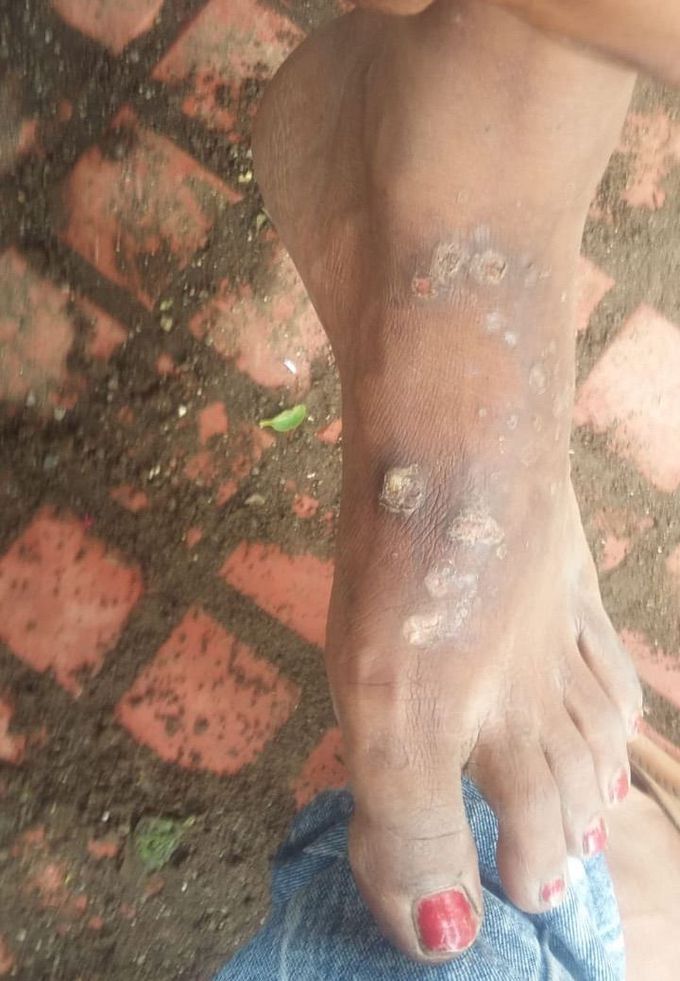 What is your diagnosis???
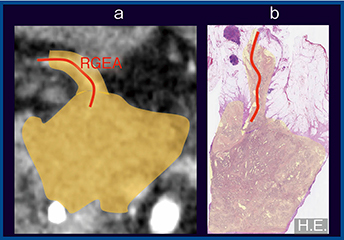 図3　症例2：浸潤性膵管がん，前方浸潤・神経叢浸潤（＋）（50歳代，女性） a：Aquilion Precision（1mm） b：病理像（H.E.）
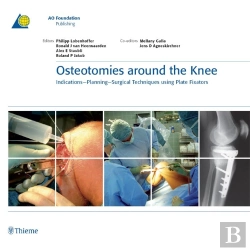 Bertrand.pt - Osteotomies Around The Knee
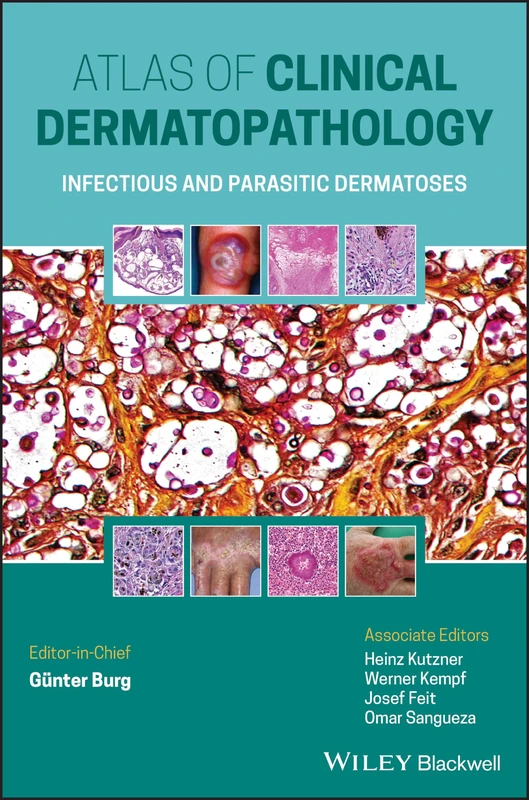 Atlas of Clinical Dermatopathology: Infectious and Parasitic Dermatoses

───

Would you give the data above again word for word, skipping any images?

 What is your diagnosis???
 図3　症例2：浸潤性膵管がん，前方浸潤・神経叢浸潤（＋）（50歳代，女性） a：Aquilion Precision（1mm） b：病理像（H.E.）
 Bertrand.pt - Osteotomies Around The Knee
 Atlas of Clinical Dermatopathology: Infectious and Parasitic Dermatoses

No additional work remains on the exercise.